In their approach, the supported catalysts were designed considering the optimal position and orientation between the solid support and the catalyst. Copper-catalyzed alkyne azide cycloaddition reaction was used to immobilize the organocatalysts onto a solid support. The effects of the orientation, anchor position, and linker length on the catalytic activity of these catalysts in the Michael addition of aldehydes to β-nitrostyrenes was investigated.
The research team observed that the catalysts facilitated the transformation of various substrates with a yield ranging from 76 to 98% and enantiomeric excess between 94 – 97%. The resulting catalysts exhibited several advantages. Their bifunctional property rendered the use of additives during reaction unnecessary. As such, a simple filtration followed by solvent evaporation could be used to obtain the final product with high purity. Compared to others, these catalysts consumed less energy as they were operated at room temperature. Furthermore, optimal conditions were achieved in a single aprotic solvent, allowing more comprehensive access to structural complexity by facilitating an effective combination with other catalytic systems.
In summary, Dr. Tomás Martín and co-workers reported for the first time the successful fabrication of reusable polymers with catalytic activity for enantioselective Michael addition of aldehydes to β-nitrostyrenes that operate efficiently at room temperature. Further studies on the immobilized catalyst deactivation provided helpful information for increasing the catalytic activity and lifespan of such immobilized catalysts. In a statement to Advances in Engineering, lead author Dr. Tomás Martín noted that their study would expand the rational design of organocatalyst immobilization, an essential step towards sustainable chemistry.

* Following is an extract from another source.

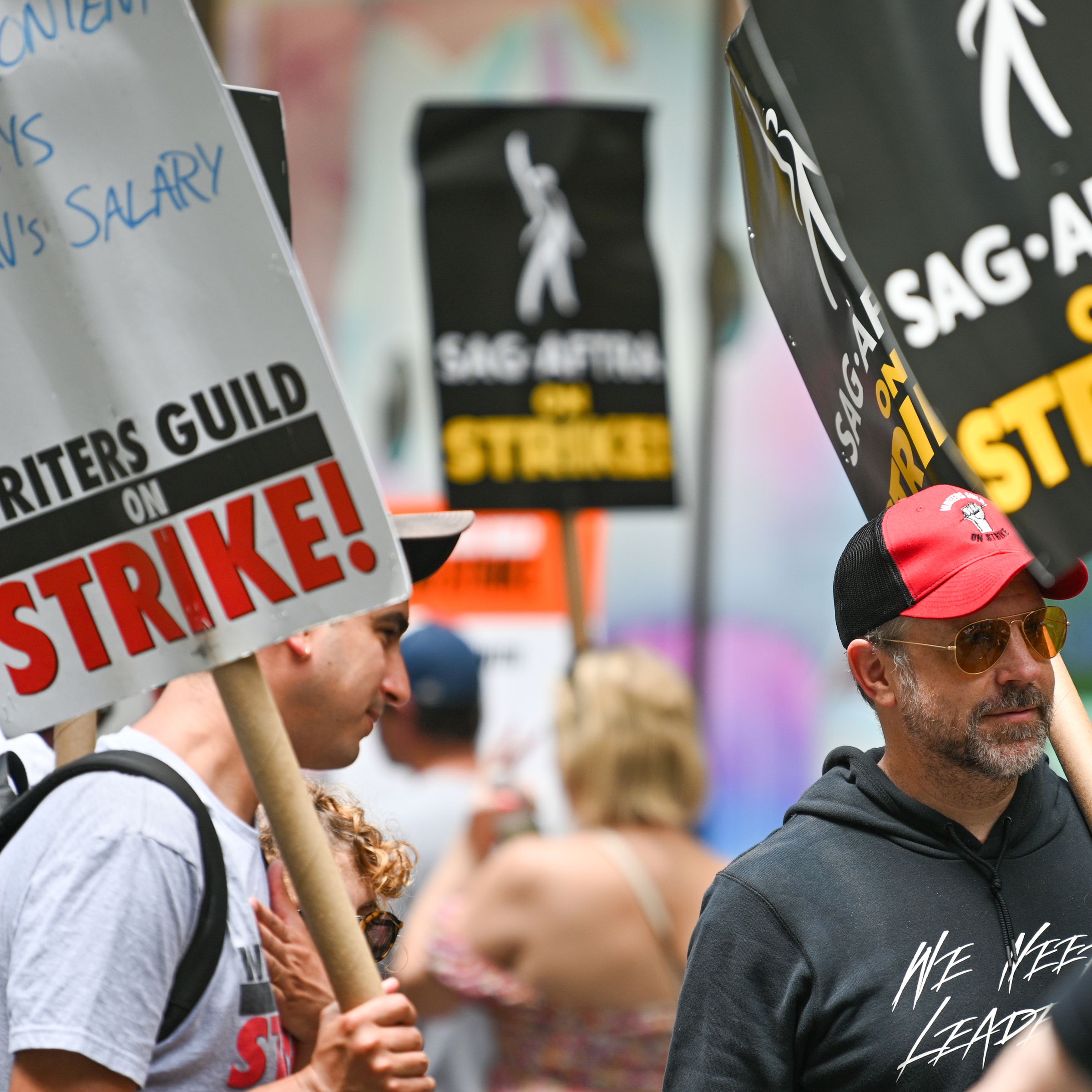 An image showing writers and actors on strike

Tomás Martín graduated in chemistry at the University of La Laguna, Tenerife, Spain in 1991, and obtained his Ph.D. in 1996 at the same University, working on the enantioselective synthesis of γ-lactones under the guidance of Dr. C. M. Rodríguez and Professor Víctor S. Martín. Later, he became a postdoctoral fellow of the Spanish Ministry of Education and Science (MEC) at the Scripps Research Institute from January 1997 to December 1998; where his research was focused on molecular recognition under the supervision of Professor Julius Rebek, Jr. In 1999, with a reincorporation contract from the Spanish MEC, he returned to the Canary Islands and joined Victor S. Martín´s group. In 2002, he was awarded a Ramón y Cajal (RyC) contract. With the RyC program he initiated a research project based on Supramolecular Chemistry. In 2005, he became Tenured Scientist at the Instituto de Productos Naturales y Agrobiología-CSIC, creating the “Molecular Recognition and Supramolecular Chemistry” group in 2008. In 2018, he was promoted to Research Scientist. At the moment, his research interests focus on supramolecular chemistry, organocatalysis, and total synthesis of bioactive natural products.
García‐Monzón, I., Borges‐González, J., & Martín, T. (2022). Solid‐supported tetrahydropyran‐based hybrid dipeptide catalysts for Michael addition of aldehydes to nitrostyrenes. Advanced Synthesis and Catalysis, 364(16), 2822–2829.